Segment Open

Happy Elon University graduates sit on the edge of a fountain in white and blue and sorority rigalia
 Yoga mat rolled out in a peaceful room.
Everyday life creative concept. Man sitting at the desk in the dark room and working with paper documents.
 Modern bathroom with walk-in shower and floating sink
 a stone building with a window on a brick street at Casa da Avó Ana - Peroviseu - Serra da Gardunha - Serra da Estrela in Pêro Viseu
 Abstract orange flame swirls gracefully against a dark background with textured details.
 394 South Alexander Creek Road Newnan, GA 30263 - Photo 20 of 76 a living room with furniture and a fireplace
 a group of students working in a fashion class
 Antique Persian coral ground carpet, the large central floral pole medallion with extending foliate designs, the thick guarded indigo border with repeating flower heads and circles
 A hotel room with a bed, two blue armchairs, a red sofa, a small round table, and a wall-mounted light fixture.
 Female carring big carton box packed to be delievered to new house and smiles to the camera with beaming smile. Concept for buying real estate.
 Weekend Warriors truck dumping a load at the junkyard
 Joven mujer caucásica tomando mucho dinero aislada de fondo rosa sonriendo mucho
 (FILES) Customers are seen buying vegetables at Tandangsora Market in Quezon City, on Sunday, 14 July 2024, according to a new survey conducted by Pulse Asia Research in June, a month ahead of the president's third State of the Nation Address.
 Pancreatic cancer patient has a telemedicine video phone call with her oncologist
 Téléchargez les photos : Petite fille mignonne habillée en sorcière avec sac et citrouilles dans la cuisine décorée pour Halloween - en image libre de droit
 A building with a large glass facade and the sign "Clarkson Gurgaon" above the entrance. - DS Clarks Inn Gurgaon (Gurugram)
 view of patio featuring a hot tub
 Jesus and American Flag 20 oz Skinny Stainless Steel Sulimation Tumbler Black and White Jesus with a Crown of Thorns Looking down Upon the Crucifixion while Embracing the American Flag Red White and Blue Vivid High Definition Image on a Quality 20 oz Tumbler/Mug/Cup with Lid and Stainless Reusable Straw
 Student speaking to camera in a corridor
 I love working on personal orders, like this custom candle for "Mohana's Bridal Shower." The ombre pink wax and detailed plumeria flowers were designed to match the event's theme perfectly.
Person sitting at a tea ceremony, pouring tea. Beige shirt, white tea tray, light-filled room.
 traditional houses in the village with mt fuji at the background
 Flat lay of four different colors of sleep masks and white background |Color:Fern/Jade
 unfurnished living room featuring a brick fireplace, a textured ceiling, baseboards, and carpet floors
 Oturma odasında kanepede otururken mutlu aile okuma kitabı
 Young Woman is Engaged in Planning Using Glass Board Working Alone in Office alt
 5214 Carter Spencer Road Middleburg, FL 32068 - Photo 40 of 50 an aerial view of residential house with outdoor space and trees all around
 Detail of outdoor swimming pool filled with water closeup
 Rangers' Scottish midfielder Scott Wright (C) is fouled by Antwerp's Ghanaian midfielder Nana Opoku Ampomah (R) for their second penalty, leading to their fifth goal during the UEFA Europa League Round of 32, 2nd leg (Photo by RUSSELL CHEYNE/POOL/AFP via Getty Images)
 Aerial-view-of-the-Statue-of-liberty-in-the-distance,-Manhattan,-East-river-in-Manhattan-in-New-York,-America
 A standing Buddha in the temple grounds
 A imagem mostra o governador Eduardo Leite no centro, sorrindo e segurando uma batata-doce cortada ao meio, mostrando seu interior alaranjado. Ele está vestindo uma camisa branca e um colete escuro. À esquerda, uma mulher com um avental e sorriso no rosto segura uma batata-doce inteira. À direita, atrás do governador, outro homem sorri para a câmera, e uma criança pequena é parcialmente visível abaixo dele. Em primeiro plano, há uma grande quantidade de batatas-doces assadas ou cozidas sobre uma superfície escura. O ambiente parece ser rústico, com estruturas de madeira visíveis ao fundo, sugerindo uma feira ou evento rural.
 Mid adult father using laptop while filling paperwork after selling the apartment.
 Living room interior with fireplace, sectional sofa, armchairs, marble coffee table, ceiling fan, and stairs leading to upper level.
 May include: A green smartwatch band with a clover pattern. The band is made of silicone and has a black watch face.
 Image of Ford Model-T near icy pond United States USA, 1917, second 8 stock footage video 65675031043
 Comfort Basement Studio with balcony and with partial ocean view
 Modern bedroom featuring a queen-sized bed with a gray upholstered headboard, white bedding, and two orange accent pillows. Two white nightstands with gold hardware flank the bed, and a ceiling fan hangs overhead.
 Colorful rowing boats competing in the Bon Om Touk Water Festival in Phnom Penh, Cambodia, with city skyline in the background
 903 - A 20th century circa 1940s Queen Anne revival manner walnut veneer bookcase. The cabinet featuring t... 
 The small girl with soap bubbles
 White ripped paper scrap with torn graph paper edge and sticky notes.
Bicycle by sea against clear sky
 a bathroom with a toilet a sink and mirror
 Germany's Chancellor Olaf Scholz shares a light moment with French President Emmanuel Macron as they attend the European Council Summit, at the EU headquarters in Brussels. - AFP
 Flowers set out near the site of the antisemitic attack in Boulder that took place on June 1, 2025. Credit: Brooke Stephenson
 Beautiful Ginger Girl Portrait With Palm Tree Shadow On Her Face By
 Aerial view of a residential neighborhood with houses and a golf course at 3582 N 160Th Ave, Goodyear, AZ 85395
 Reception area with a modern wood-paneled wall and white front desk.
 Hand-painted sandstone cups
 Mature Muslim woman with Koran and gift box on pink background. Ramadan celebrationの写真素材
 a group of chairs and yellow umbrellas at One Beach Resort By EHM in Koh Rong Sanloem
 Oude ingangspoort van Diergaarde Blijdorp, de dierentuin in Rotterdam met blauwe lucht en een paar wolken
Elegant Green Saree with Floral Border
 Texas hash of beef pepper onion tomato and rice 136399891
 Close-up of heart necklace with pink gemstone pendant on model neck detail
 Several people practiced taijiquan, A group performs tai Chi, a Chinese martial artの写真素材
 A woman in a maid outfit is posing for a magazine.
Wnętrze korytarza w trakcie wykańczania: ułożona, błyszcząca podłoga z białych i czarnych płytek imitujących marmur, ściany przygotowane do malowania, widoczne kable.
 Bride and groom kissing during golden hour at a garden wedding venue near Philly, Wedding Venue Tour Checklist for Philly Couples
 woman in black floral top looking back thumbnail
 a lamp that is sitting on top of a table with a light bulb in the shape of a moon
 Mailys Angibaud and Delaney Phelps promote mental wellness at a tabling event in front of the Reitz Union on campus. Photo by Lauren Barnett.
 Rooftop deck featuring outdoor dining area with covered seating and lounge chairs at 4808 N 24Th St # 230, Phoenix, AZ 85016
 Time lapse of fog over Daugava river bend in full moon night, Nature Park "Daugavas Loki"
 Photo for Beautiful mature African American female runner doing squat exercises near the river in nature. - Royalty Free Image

Segment Closed

=== WORK INSTRUCTION ===
Only the lines containing "against" are needed; copy each of them from the data.

=== ANSWER FOR THIS EXERCISE ===
 Abstract orange flame swirls gracefully against a dark background with textured details.
Bicycle by sea against clear sky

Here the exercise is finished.